Exercise goal:
Which lines in the records below contain the word "built"? Copy each one out.
══ Information given ══
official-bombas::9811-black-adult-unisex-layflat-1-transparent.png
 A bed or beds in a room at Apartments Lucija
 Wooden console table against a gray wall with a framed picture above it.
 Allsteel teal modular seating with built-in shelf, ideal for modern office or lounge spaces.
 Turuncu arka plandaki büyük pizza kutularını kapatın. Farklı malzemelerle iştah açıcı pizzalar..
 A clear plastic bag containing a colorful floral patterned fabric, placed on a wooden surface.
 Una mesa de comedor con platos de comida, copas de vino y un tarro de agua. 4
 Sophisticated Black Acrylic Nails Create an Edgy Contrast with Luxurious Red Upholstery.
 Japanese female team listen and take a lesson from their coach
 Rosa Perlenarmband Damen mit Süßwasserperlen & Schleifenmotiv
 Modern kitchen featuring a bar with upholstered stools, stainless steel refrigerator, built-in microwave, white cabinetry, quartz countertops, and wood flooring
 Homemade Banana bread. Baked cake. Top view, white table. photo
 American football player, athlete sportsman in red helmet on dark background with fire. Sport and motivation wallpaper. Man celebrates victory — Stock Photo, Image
═══
Output of the task:
 Allsteel teal modular seating with built-in shelf, ideal for modern office or lounge spaces.
 Modern kitchen featuring a bar with upholstered stools, stainless steel refrigerator, built-in microwave, white cabinetry, quartz countertops, and wood flooring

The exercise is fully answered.